If you’re reading this blog, Harold Camping was wrong… again. You remember Harold; he’s the phony religious “prophet” who bilked his (surprisingly large number of) followers out of tens of millions of dollars when he convinced these idiots that the world would end on Saturday, May 21st. Yea, THAT guy. Well, after collecting everyone’s money, he explained that his initial prediction for the Rapture was wrong based on faulty math. According to Harold, Biblical math is different than regular math. Not to worry, after a few adjustments Harold says that TODAY, October 21st will be the day the world ends.

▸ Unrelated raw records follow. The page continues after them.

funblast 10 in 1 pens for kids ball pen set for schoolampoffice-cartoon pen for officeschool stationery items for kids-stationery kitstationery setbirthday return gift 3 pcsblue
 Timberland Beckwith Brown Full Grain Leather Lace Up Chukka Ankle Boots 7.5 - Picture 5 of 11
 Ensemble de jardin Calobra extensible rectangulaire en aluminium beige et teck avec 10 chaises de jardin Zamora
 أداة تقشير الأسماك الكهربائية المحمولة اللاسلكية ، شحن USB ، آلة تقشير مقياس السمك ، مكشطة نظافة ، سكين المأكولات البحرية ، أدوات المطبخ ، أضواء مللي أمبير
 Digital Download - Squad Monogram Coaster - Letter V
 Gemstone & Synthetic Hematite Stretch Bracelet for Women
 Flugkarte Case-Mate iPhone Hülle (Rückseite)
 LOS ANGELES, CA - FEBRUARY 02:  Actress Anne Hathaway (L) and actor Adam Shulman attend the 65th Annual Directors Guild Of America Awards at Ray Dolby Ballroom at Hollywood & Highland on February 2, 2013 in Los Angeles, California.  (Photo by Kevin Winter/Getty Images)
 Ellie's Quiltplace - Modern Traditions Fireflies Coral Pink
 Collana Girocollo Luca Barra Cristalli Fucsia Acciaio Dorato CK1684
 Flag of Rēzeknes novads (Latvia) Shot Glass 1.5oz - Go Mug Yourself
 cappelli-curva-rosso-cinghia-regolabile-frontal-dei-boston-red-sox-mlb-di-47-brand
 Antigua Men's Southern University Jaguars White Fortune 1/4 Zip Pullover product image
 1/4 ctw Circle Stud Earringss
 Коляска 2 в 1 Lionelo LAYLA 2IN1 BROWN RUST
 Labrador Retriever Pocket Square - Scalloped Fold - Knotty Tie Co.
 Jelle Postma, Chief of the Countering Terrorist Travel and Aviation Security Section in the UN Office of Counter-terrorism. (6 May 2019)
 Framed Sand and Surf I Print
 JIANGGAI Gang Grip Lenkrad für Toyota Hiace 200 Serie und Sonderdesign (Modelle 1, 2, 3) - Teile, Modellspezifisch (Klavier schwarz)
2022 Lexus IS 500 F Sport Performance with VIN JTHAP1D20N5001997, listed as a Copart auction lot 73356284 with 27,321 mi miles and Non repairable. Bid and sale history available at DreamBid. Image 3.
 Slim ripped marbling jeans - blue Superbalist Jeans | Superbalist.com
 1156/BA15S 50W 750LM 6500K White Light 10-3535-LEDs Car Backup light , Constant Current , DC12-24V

Wrong again, my man. Then there’s Moammar Gadhafi; a few months ago he did an interview with Christian Arampour (or whatever the hell her name is) where she asked him about the Libyan rebellion. Gadhafi, looking sharp as always in his sunglasses and flowing, pastel robes (???) explained that EVERY world leader faces opposition but he wasn’t worried because, as he put it, his countrymen “love” him and they would “protect” him. We found out yesterday, after they found him in a sewer drain, pulled him out, beat his ass in the streets and put a bullet (or two) in his head. That, my friends, is not love. Love is the kind of thing you find at a wedding. Just two months ago Kim Kardashian and some idiot got married. The whole thing was televised on E! Network and everyone with no life sat around and watched it. That was about 8 weeks ago… they’re filing for divorce. Didn’t see THAT coming! This leads to today’s question: WHEN WERE YOU THE WRONGEST?
Yes, we KNOW, ‘wrongest’ is not a word.
Took his first wife back after she kicked her drug habit… she hadn’t kicked her drug habit and he ended with a record and $25,000 in debt
Decided to drink Jagermeister AFTER midnight… never a good idea. Jagermeister might not be a good idea any time!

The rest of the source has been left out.